Parties or Parents? Language Matters!

by | Jul 2, 2014 | Children in Divorce, Collaborative Law, Family Law, Parents, Uncategorized | 1 comment

182961210 In my role as neutral child specialist I often act as a translator.  I work to ensure that parents understand the words and ideas of their children about how family can work best for them moving forward. I help parents listen to rather than react to each other while working on creating a parenting plan.  And I frequently deconstruct and revise certain legal divorce terminology into more family-friendly language.

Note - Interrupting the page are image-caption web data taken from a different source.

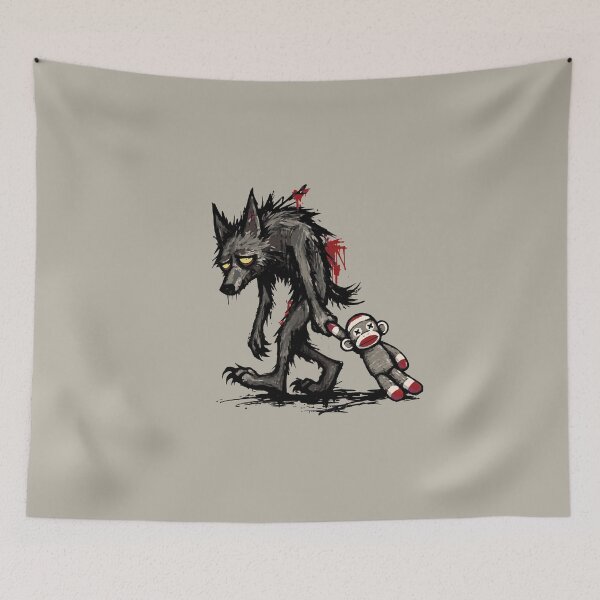 Item preview, Funny Monster Werewolf Bedtime Sock Monkey Stuffie designed and sold by TackyTime.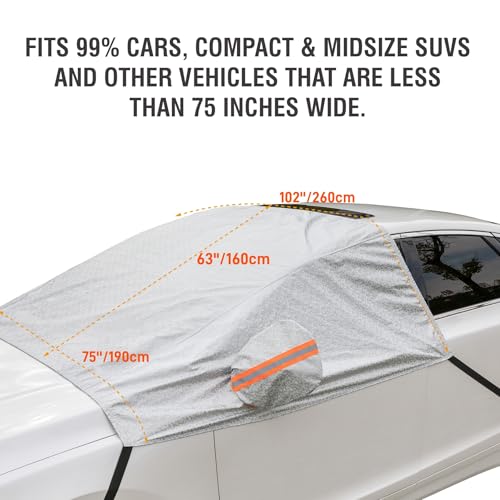 Universal Fit Car Windshield Cover for Ice Snow, 63''x102'' Heavy Duty Windshield Sun Shade with Mirror Covers and Anti-Theft Tuck-in Flaps for Car SUV, Original Design Patent Pending
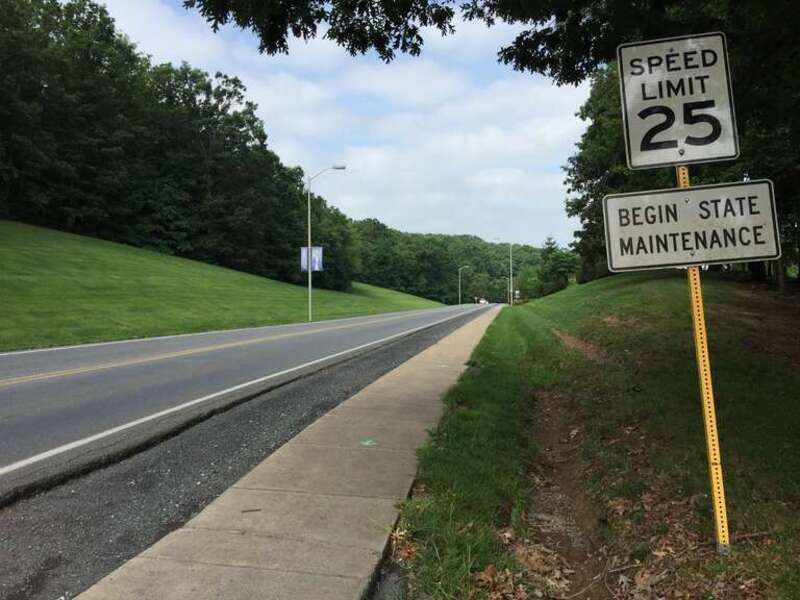 View west along Virginia State Route 331 (University Boulevard) at Driver Drive in Harrisonburg, Virginia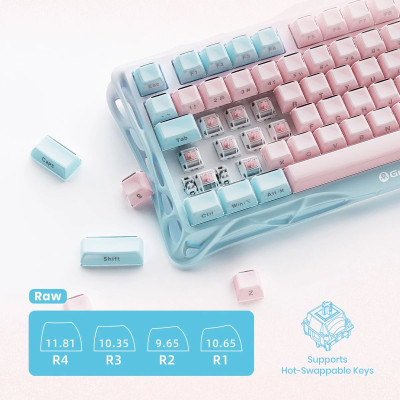 Клавіатура механічна GravaStar Mercury K1 Lite 80keys, GravaStar x BSUN Grey, BT/WL/USB, Lumen Rose Клавіатура механічна GravaStar Mercury K1 Lite 80keys, GravaStar x BSUN Grey, BT/WL/USB, Lumen Rose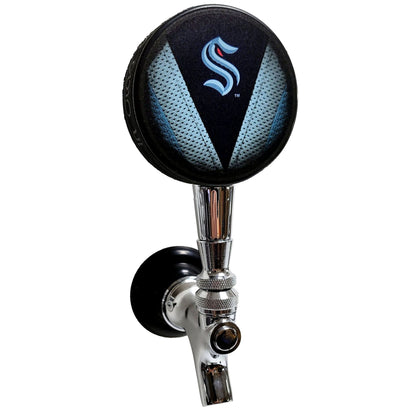 Seattle Kraken Stitch Series Hockey Puck Beer Tap Handle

From the start, I ask my adult clients to think of and refer to themselves as parents rather than parties.  The term parties to a dispute in a no fault divorce is more impartial than plaintiff vs. defendant, but it can still sound adversarial to many parents. As I have written before, legal terms like physical custody, legal custody, child support calculator and even settlement sound formal, top down and foreign to how families actually function.  In my office, and in the offices of many Collaborative team professionals, we talk about parenting time and decision making, and the resources parents need to adequately meet their children’s needs in both homes.Since learning this priceless phrase from a child I worked with, I prefer the term getting unmarried to getting divorced.  I prefer talking about reaching resolutions rather than settlements.  I ask my clients to refrain from saying 50/50 parenting, because how often do kids think of their parents in percentages?   I remind parents that children think of their moms as 100% their moms, and their dads as 100% their dads, regardless of whether the kids are at school, with their grandparents, on a play date, or where they sleep at night.  We use the language of co-parenting that is developmentally informed and attuned to their children’s temperaments and personalities. Language powerfully shapes our human experience, and communicates both explicit and implicit meaning.  The words chosen to describe a process or event are important.   Discussing important concepts in clear, thoughtful, straight-forward language and avoiding the use of jargon whenever possible can promote clarity and understanding during an already anxiety-arousing process.  And that is also priceless.